[WORK TO BE COMPLETED]
Repeat word for word the lines from the one containing "宽平移低角度拍摄工人在屋顶上" to the end of the material below, and leave all pictures out.

┌──

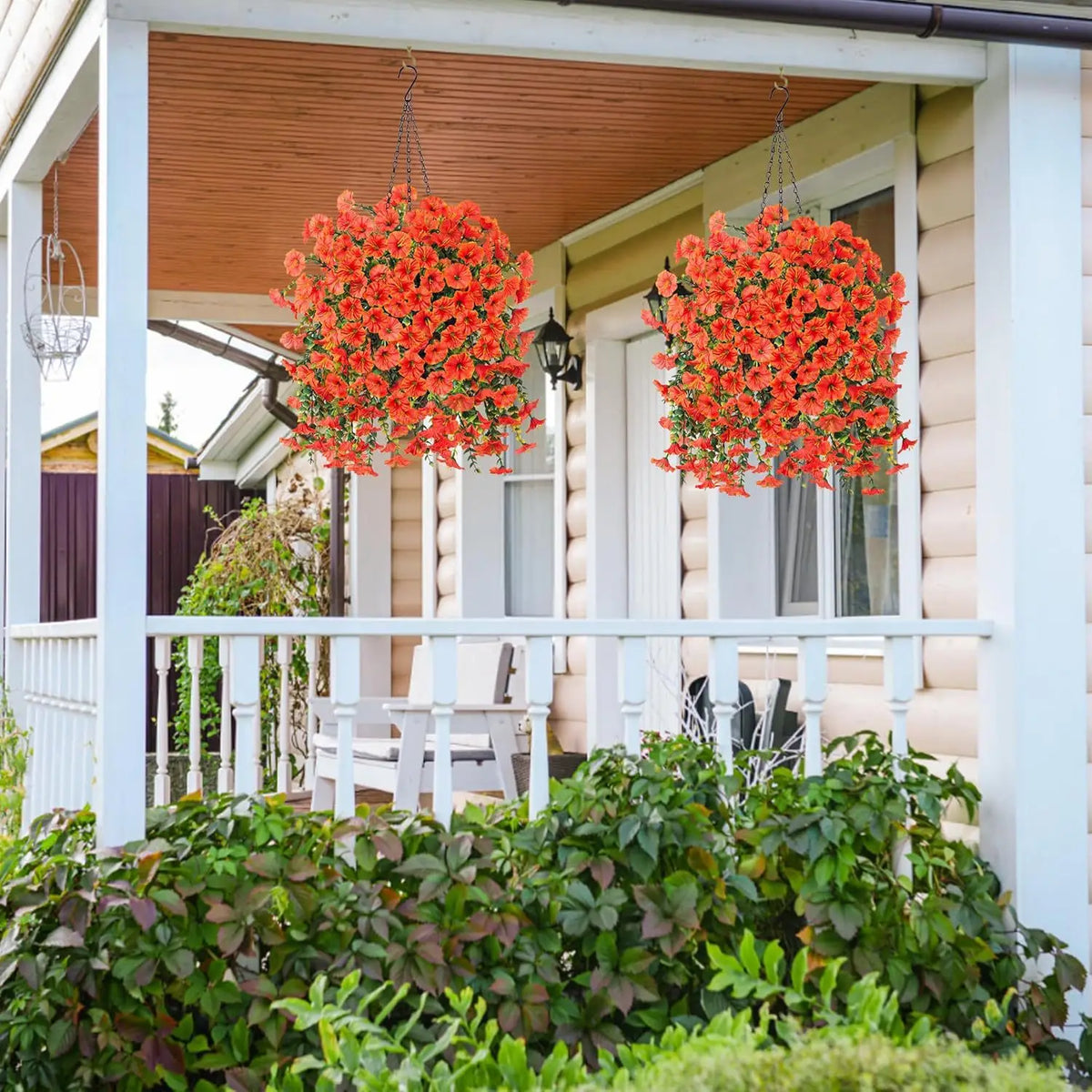 Two hanging planters filled with bright orange artificial morning glory flowers and eucalyptus decor on a porch.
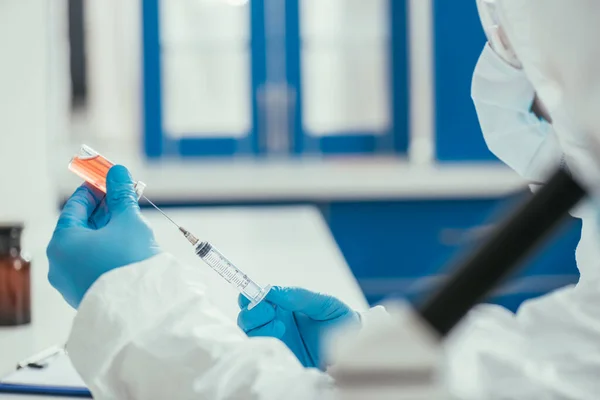 Enfoque selectivo del bioquímico que toma medicamentos del recipiente de vidrio con jeringa - foto de stock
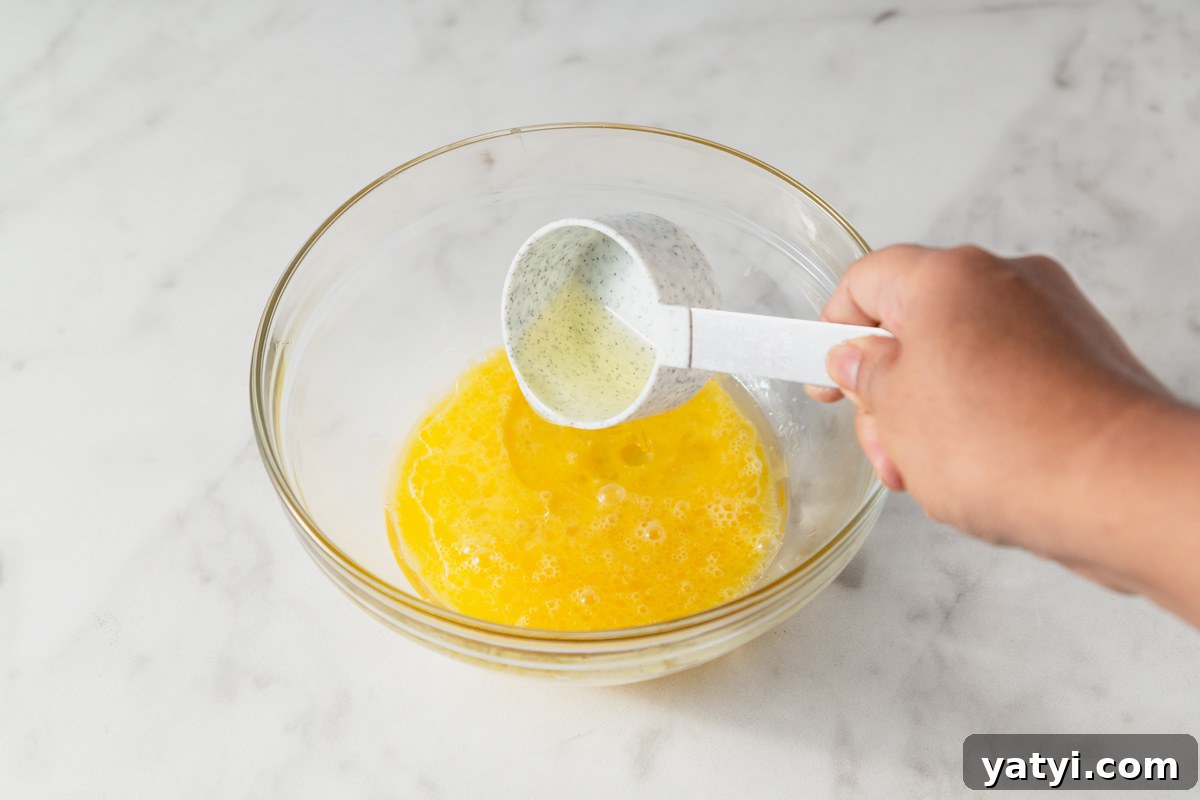 Chewy Yellow Cake Mix Cookies Recipe with Simple Ingredients 4 mixing eggs and oil for yellow cake mix cookies.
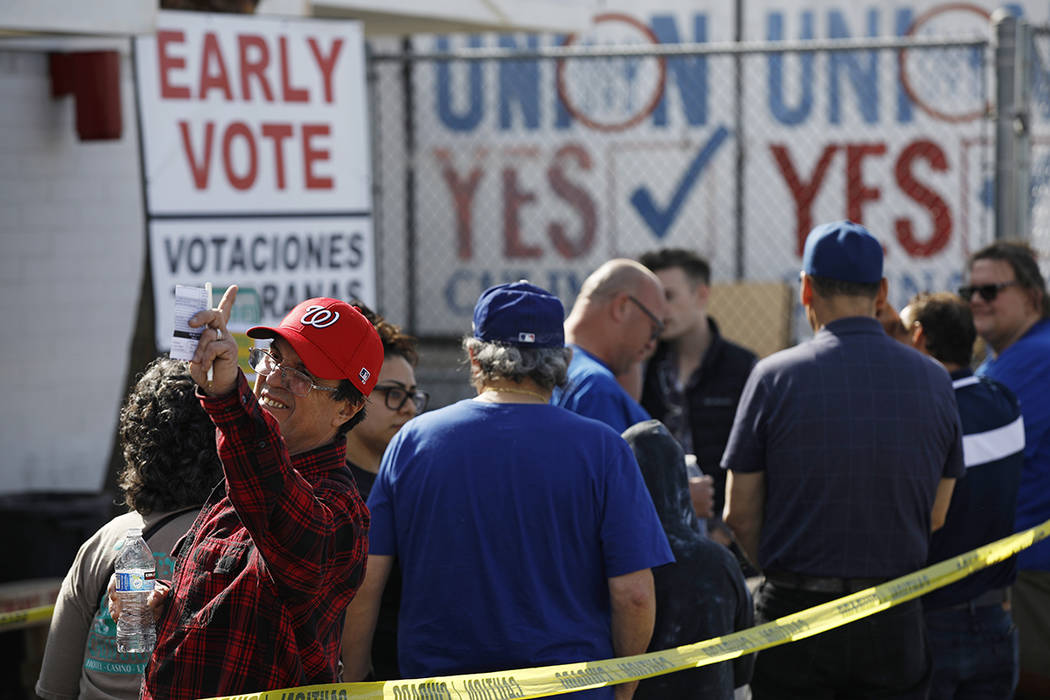 People wait in line to vote early at the Culinary Workers union Monday, Feb. 17, 2020, in Las V ...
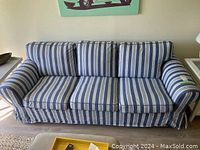 Front view of the 3-seater sofa with blue and white striped slipcover, showing three seat cushions and three back cushions, rounded arms and skirted base, in a well-lit room.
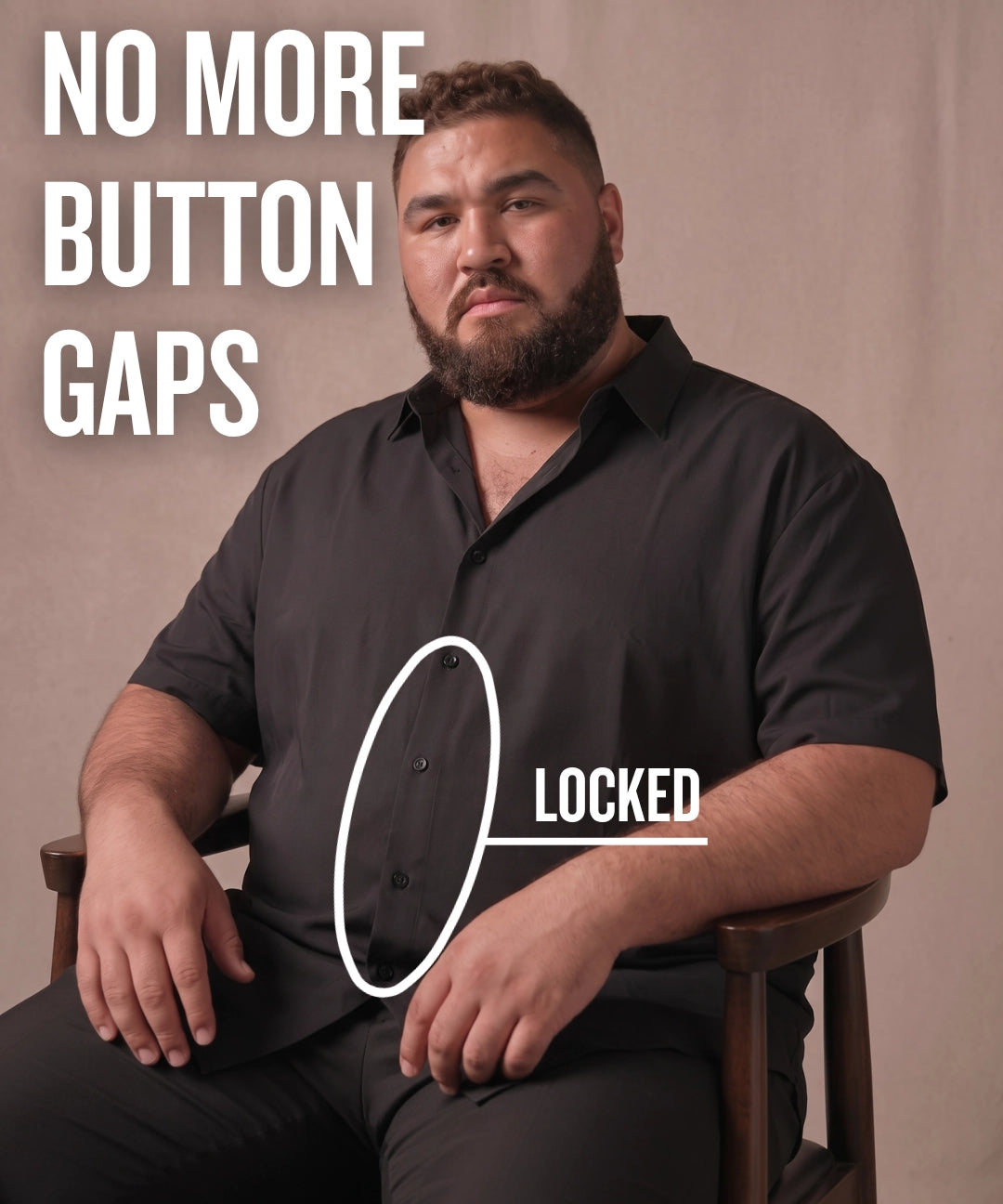 White man sitting on a chair wearing a black short-sleeve dress shirt, pointing at the button placket to show no button gap, front view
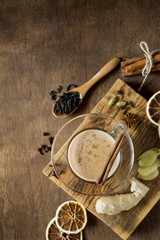Masala tea in glass on wooden background in rustic style. Traditional Indian hot drink with milk, black tea and spices. Copy space, top view, close-up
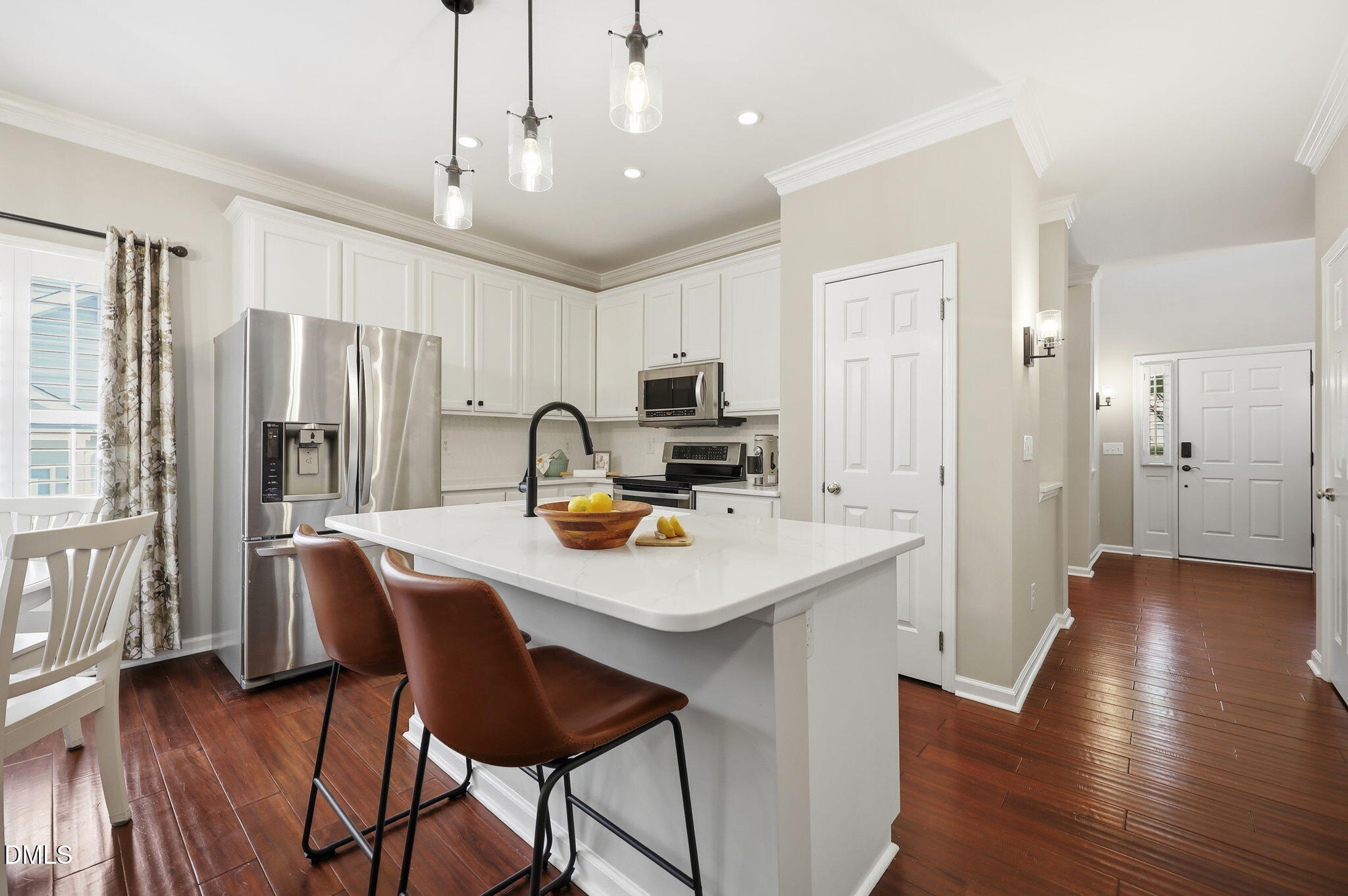1716 Farmington Grove Drive Raleigh, NC 27614 - Photo 8 of 41 a kitchen that has a table chairs refrigerator and a center island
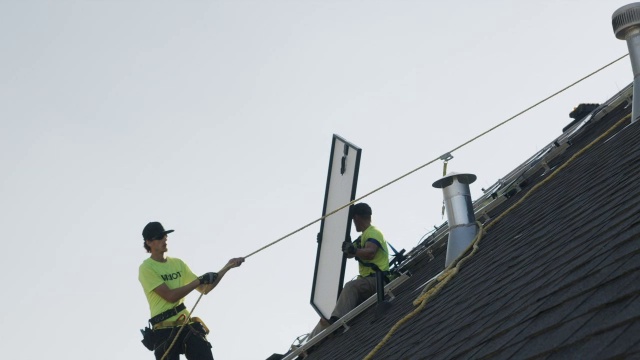宽平移低角度拍摄工人在屋顶上携带太阳能电池板/ Mapleton，犹他州，美国视频素材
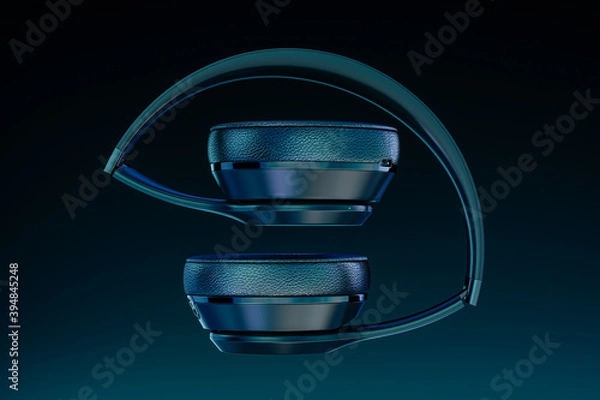Fototapeta headphones on blue. Looking Directly At Folded Generic Music Headphones, Floating, Falling, Suspended, Isolated In A Blue and Black Studio Background. 3d rendering.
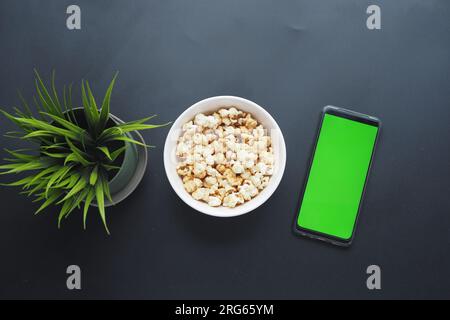 Draufsicht von Smartphone und Popcorn auf schwarzem Hintergrund Stockfoto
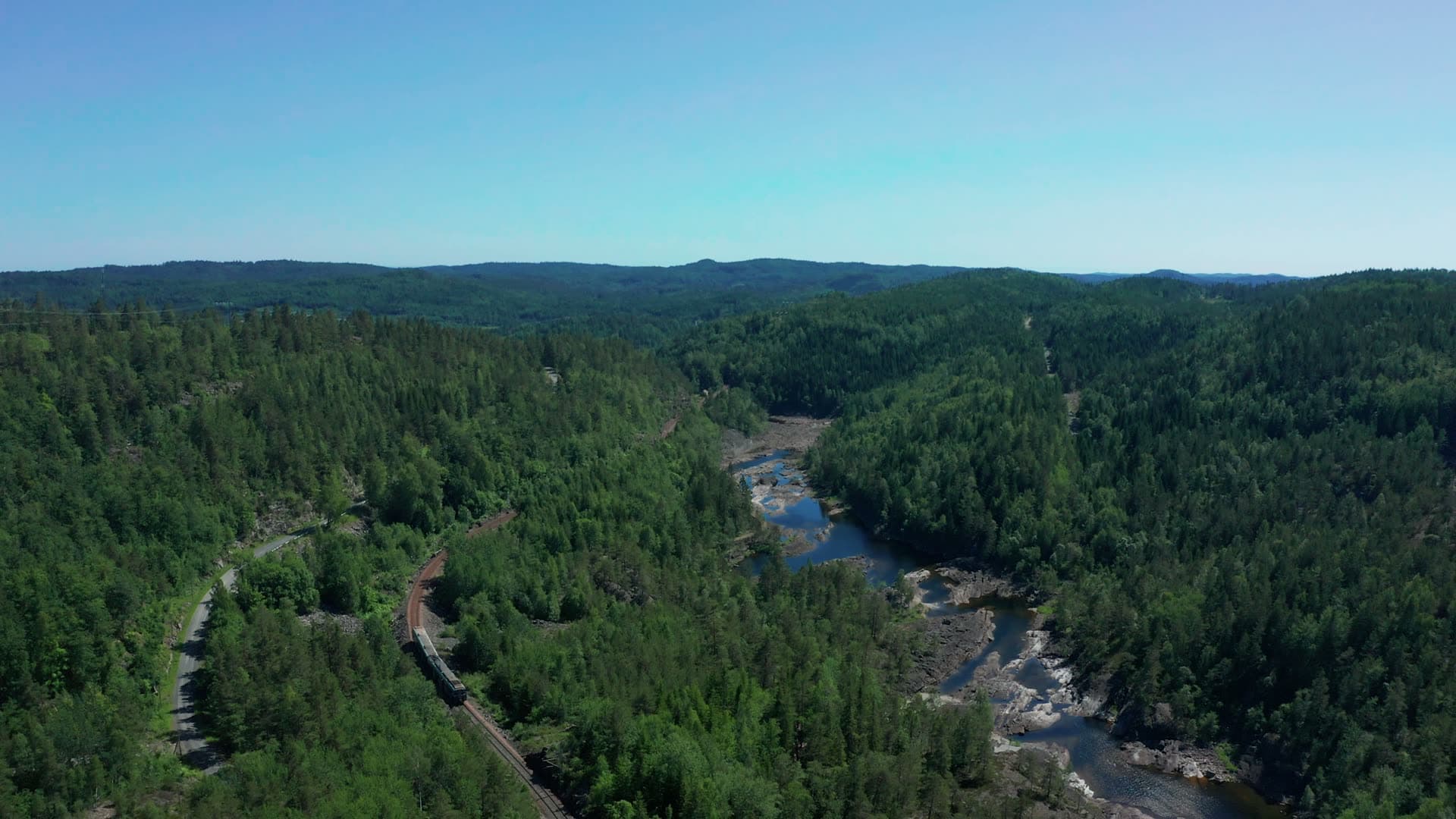 Train on forest railway above rocky river, Bøylefoss, Norway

└──

[RESPONSE TO THIS EXERCISE]
宽平移低角度拍摄工人在屋顶上携带太阳能电池板/ Mapleton，犹他州，美国视频素材
Fototapeta headphones on blue. Looking Directly At Folded Generic Music Headphones, Floating, Falling, Suspended, Isolated In A Blue and Black Studio Background. 3d rendering.
 Draufsicht von Smartphone und Popcorn auf schwarzem Hintergrund Stockfoto
 Train on forest railway above rocky river, Bøylefoss, Norway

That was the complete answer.